To heal from their ordeal, Murtagh and Thorn decide to journey far away, teaching Eragon the Word before departing. Nasuada becomes the High Queen of Alagaësia and King Orrin of Surda grudgingly pledges his allegiance to her. Arya returns to Ellesmera to help choose a new queen for the elves after the death of her mother, Islanzadí, in battle. She takes the remaining dragon egg, which hatches for her, and she names the dragon Fírnen. She is also chosen as the new queen.

Eragon realizes that there is no safe place to raise the dragons and train new Riders in Alagaësia. He thus decides to sail away with the Eldunarí and the eggs to a region far east of Alagaësia. Eragon reworks the magic of the pact between Riders and dragons to allow dwarves and Urgals to become Riders, and leaves two eggs for each of the races. The future Riders will travel to Eragon for training, while eggs will be periodically sent back to Alagaësia. Eragon and Saphira sadly say their farewells to their friends and family, but look forward to the future.

==Critical reception==
Inheritance debuted at No. 1 on the USA Todays "Best-Selling Books" list, selling nearly half a million copies on the first day in the United States.

The book received mixed reviews. Joshua Hill of Book Fantasy Review wrote that Inheritance was an improvement over previous books in the series and praised the characters of Roran, Arya, and Murtagh as "three of the most interesting characters I've ever had the pleasure to read". However, Hill criticized the plot for being overly reliant on magic and the ending as being too similar to the final three chapters of The Lord of the Rings. The Washington Posts Yvonne Zipp noted that, although the book is marketed to young adults, certain content may be too violent for younger readers, such as the scenes in which Nasuada is tortured and Arya's hand is degloved while trying to escape from shackles.

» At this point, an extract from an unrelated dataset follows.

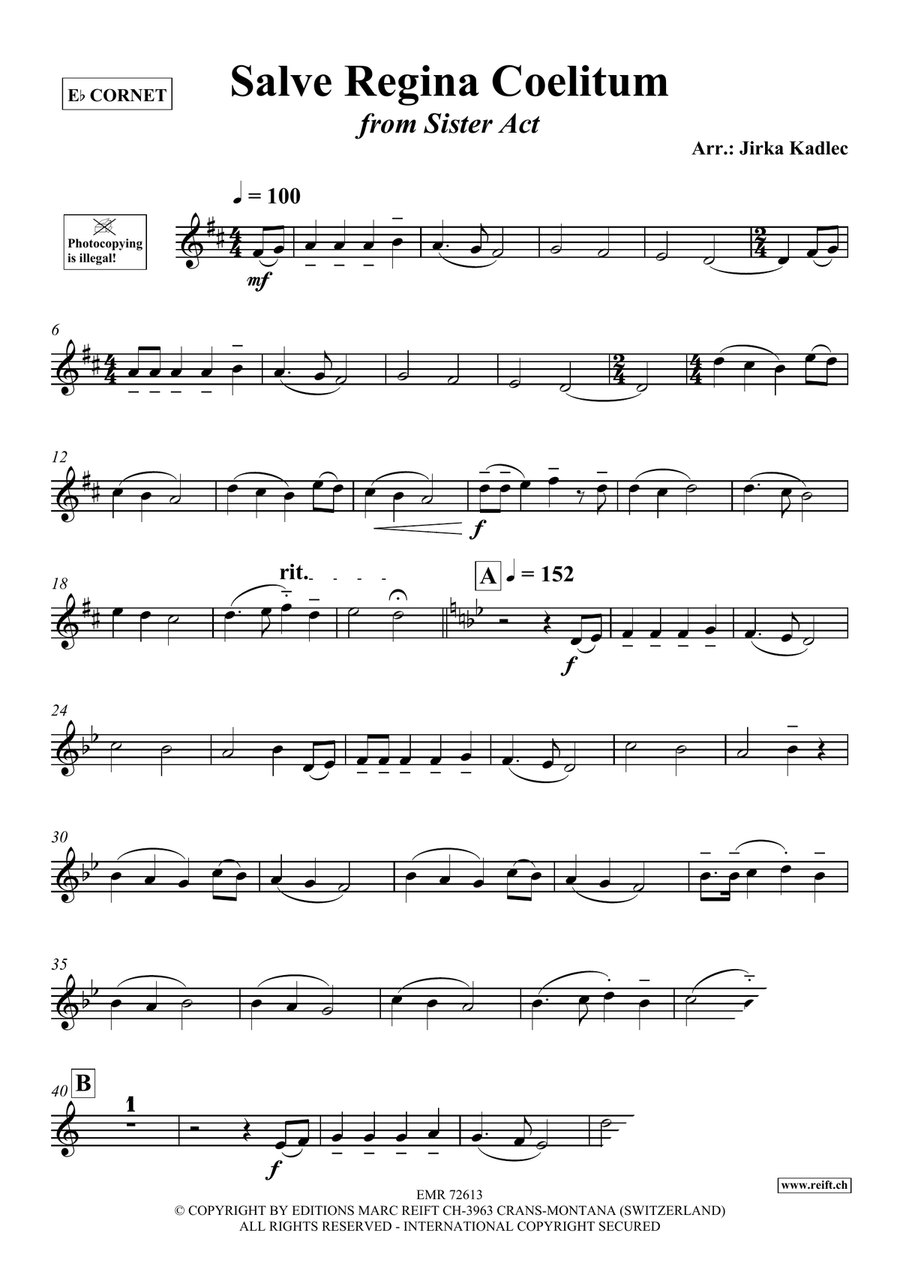 Salve Regina Coelitum Salve Regina Coelitum Cornet scores gallery preview page 3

Some reviews criticized the novel for being overly detailed and leaving unresolved plot threads. Shelby Scoffield of Deseret News called the book "a sophisticated novel" and "a sense of closure to a truly great series", but criticized Paolini's use of "long and boring details". Richard Marcus of the Seattle P-I said that "Paolini clutters up the book with page upon page of battles that could just as easily taken place off stage" and that "the last hundred or so pages of the book are spent in a very awkward attempt to tie up all the loose ends". He also says that, "In fact by wasting so much time on insignificant details along the way, the final confrontation with Galbatorix when it comes feels rushed. Even worse, discovering the location of the Rock of Kuthian and the Vault of Souls feels incredibly contrived."